How do you find the optimal number of topics in topic modeling? ›

To decide on a suitable number of topics, you can compare the goodness-of-fit of LDA models fit with varying numbers of topics. You can evaluate the goodness-of-fit of an LDA model by calculating the perplexity of a held-out set of documents. The perplexity indicates how well the model describes a set of documents.

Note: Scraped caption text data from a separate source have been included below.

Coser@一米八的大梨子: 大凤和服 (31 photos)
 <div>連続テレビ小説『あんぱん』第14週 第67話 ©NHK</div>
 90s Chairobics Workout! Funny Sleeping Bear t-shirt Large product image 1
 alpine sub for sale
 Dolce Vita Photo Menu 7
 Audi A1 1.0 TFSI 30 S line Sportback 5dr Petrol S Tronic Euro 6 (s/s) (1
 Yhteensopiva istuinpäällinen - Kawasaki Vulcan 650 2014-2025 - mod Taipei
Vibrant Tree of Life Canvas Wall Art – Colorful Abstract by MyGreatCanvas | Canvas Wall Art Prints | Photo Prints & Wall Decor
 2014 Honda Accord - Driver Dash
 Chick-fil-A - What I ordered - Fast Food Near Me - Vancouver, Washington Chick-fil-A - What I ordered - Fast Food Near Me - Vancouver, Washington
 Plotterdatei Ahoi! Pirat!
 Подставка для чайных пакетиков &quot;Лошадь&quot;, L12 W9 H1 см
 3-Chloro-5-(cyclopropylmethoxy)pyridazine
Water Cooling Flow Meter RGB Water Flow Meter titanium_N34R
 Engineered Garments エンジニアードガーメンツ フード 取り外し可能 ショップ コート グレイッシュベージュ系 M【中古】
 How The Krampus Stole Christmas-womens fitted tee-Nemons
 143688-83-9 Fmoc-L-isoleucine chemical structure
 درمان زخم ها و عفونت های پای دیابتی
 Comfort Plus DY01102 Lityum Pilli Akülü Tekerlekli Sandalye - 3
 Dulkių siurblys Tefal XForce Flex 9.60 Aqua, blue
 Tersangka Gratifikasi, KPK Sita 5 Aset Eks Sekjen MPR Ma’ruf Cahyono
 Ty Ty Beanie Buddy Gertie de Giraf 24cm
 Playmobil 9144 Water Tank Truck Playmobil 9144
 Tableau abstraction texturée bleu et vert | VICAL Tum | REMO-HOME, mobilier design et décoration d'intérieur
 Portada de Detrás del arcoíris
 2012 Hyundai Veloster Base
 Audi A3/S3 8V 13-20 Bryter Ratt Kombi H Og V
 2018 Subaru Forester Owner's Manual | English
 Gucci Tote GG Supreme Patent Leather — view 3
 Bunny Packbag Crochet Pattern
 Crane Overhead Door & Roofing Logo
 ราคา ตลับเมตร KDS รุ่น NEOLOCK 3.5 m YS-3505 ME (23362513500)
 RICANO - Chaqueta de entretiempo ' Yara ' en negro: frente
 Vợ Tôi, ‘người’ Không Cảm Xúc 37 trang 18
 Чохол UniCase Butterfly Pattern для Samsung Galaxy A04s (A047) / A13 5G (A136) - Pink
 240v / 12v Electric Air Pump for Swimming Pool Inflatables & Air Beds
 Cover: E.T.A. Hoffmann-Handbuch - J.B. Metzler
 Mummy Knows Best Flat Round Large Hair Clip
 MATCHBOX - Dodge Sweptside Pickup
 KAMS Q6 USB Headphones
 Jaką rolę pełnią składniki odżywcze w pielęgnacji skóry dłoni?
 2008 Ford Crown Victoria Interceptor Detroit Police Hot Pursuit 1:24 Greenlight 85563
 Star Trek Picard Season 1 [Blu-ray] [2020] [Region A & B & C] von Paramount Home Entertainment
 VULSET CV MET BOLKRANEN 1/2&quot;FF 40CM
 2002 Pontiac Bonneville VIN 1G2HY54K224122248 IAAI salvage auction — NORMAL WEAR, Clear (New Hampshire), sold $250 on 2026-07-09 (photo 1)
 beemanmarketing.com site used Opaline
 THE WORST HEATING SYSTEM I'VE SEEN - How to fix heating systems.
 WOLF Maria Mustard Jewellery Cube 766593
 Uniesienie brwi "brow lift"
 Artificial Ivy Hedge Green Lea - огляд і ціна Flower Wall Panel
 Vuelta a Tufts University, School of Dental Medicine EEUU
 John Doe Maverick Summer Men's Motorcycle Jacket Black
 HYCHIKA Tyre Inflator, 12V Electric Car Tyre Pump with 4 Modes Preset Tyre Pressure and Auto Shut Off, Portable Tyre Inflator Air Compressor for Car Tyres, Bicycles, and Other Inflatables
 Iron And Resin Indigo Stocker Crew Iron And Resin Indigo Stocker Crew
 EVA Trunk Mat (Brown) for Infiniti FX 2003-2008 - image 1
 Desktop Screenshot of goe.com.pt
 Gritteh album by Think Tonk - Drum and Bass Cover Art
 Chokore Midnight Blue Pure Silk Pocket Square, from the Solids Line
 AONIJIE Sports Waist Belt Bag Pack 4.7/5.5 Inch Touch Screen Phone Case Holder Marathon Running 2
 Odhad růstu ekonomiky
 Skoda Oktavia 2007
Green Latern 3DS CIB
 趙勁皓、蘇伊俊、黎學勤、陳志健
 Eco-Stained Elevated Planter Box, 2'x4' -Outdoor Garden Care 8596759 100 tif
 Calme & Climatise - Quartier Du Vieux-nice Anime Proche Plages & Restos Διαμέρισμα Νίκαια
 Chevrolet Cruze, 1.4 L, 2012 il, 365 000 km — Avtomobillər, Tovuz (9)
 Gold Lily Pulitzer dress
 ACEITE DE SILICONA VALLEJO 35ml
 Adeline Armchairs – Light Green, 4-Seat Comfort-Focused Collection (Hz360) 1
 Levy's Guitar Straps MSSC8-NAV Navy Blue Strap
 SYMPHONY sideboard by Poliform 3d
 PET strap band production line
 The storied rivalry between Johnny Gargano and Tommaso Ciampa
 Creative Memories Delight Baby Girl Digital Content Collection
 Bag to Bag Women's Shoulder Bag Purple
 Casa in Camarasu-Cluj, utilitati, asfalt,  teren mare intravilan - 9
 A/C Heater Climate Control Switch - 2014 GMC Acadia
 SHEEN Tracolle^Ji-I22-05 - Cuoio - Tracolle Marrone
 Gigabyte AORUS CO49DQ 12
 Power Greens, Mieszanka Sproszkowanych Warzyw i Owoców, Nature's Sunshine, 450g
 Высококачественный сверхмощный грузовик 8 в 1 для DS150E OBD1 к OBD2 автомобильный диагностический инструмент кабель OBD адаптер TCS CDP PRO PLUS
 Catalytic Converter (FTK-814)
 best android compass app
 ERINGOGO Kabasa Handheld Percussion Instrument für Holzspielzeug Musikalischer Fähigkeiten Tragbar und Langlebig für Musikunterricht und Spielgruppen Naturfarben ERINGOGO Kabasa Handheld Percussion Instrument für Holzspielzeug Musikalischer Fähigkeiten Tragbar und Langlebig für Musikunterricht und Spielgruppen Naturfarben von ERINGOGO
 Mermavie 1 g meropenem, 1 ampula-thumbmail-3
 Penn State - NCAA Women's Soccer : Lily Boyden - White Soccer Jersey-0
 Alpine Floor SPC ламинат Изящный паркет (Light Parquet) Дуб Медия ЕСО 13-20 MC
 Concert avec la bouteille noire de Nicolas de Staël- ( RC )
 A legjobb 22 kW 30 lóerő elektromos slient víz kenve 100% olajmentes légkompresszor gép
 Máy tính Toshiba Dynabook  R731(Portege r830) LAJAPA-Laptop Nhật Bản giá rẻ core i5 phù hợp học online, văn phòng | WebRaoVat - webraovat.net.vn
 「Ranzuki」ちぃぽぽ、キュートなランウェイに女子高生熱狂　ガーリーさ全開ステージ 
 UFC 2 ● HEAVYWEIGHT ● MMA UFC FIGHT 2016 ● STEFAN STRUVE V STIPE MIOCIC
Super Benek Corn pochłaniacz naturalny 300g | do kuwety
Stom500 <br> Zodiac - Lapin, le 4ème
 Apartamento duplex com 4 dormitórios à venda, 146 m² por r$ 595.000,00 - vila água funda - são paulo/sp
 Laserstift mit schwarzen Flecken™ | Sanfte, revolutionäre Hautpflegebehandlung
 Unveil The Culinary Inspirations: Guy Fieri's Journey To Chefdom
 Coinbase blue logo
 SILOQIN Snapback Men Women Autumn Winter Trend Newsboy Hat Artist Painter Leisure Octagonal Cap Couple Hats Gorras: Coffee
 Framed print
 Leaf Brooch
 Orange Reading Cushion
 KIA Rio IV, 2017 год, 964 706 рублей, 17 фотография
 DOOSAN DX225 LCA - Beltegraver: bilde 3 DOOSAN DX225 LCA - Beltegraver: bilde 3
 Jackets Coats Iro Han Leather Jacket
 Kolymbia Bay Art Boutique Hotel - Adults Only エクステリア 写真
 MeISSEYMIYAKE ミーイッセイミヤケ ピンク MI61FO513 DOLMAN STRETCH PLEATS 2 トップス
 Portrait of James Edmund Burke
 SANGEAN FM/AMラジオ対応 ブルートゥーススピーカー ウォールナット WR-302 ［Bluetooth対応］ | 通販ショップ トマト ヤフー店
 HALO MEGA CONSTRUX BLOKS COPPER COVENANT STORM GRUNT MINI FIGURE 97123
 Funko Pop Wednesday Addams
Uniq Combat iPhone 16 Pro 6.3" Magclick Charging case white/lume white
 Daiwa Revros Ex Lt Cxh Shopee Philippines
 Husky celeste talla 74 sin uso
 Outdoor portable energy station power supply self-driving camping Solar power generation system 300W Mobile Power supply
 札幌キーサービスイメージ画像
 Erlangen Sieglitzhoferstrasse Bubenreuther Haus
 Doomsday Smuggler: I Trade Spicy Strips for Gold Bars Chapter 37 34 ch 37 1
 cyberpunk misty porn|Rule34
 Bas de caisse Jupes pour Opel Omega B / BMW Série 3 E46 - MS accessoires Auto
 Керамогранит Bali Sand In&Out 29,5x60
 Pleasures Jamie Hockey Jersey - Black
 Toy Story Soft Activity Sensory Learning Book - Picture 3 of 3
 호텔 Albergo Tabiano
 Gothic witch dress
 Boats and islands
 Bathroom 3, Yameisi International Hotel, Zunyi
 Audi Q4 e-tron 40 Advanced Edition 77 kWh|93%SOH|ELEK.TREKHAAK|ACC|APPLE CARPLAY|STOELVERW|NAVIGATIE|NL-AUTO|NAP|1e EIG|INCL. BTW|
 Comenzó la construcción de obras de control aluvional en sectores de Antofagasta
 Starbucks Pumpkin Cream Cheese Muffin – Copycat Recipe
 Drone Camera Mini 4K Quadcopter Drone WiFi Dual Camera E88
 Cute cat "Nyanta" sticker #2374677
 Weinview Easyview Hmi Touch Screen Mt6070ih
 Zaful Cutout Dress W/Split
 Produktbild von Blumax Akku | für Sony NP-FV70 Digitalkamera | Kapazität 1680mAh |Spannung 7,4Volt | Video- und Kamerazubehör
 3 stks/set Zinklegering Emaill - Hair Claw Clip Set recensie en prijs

What is the alternative to LDA topic modeling? ›

Hierarchical latent tree analysis (HLTA) is an alternative to LDA, which models word co-occurrence using a tree of latent variables and the states of the latent variables, which correspond to soft clusters of documents, are interpreted as topics.

What is the hardest topic in algorithms? ›

In the realm of algorithms, the hardest algorithm is often considered to be the Traveling Salesman Problem (TSP). This is an optimization problem that revolves around finding the shortest possible route a salesman must take to visit a given number of cities exactly once and return to the starting city.

What are the two algorithms for topic modeling? ›

The most established go-to techniques for topic modeling is Latent Dirichlet allocation (LDA) and non-negative matrix factorization (NMF).

How many documents do you need for topic modeling? ›

The minimum number of documents needed for topic modeling is 20.

Is topic modelling quantitative or qualitative? ›

We argue topic modeling is a useful method for the descriptive analysis of unstructured social media data sets, and is best used as part of a mixed-method strategy, with topic model results guiding deeper qualitative analysis.

Can BERT be used for topic modelling? ›

BERT is a Natural Language Processing Model proposed by Google Researchers [14]. This topic modeling technique uses transformers (BERT embeddings) and class-based TF-IDF to generate dense clusters [16].

How to choose the number of topics for LDA? ›

The selection of the optimal number of topics for LDA models can be based either on measures of topic quality (similarity or coherence) or on measures of goodness-of-fit and model complexity. models is determined by the numbers of topics in candidate models: K ∈ {Kmin,...,Kmax}.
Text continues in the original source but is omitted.